A votação prévia no Parlamento Europeu, nesta terça, se refere a salvaguardas introduzidas no documento para satisfazer demandas francesas e italianas e fazer o acordo andar: monitoramento “em tempo real” dos mercados, notadamente carne bovina e de aves, arroz e etanol e a possibilidade de intervir no mercado em caso de desestabilização.
Uma flutuação de preços superior a 10% seria o gatilho para uma investigação da UE. O setor de proteínas, em que o Brasil é potência mundial, é o que mais preocupa os fazendeiros europeus, mergulhados em uma crise econômica quase permanente.
Cerca de 10 mil deles, a maioria franceses, são esperados na quinta, em Bruxelas, em manifestação contra o acordo. Os protestos, na verdade, começaram na semana passada, quando o ministério da Agricultura da França ordenou o abate de centenas de animais acometidos por dermatose nodular, uma doença viral com surtos verificados também em Itália e Espanha.
O tratado de livre comércio é um dos poucos itens da agenda europeia que une os extremos do espectro político. À direita, populistas abraçam o pleito ruralista, em apropriação eleitoreira, enquanto à esquerda a preocupação é ambiental.
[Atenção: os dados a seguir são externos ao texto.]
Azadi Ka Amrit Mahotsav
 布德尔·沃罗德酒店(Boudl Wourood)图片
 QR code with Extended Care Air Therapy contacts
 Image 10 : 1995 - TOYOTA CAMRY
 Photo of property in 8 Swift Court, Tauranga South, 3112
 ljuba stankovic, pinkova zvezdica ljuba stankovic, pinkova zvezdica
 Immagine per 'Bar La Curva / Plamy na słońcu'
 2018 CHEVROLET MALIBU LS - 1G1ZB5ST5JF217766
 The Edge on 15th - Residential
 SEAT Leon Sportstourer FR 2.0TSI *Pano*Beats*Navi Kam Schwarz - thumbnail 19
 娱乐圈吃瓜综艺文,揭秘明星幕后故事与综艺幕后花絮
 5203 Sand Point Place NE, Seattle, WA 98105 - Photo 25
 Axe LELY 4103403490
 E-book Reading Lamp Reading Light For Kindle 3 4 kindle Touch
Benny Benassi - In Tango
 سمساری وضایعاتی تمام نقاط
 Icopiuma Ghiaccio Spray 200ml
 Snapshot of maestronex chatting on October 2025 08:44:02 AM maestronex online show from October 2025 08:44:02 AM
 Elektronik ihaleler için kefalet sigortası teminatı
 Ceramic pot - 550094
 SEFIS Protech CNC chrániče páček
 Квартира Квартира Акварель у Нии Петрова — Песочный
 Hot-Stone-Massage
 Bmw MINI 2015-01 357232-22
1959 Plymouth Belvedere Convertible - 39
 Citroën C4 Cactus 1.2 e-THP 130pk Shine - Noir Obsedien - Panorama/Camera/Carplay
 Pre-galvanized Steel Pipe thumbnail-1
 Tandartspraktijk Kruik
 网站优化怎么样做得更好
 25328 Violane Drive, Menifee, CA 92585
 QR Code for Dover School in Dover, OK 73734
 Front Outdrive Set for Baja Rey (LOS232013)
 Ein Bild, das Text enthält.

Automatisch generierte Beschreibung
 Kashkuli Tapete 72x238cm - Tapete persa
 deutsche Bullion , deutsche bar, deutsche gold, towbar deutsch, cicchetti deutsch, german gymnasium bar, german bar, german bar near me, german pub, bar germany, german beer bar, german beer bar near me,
Na Europa, a imagem do agronegócio brasileiro é quase sempre conectada ao desmatamento, regulação falha e apráticas sanitárias duvidosas. No mês passado, por exemplo, um jornal irlandês publicou extensa reportagem mostrando como seus repórteres compraram medicamentos e hormônios que são proibidos pela legislação europeia.
O que está em jogo neste momento é a parte comercial do acordo, que foi separada neste ano de outros elementos do documento para driblar a exigência de aprovação em cada um dos Parlamentos dos 27 países-membros. Sua aprovação formaria um mercado de livre comércio com 722 milhões de consumidores, um dos maiores do mundo.
Pela primeira vez também um pacto de grande magnitude seria selado sem a anuência de um de seus Estados fundadores, o que evidencia o conturbado momento político europeu.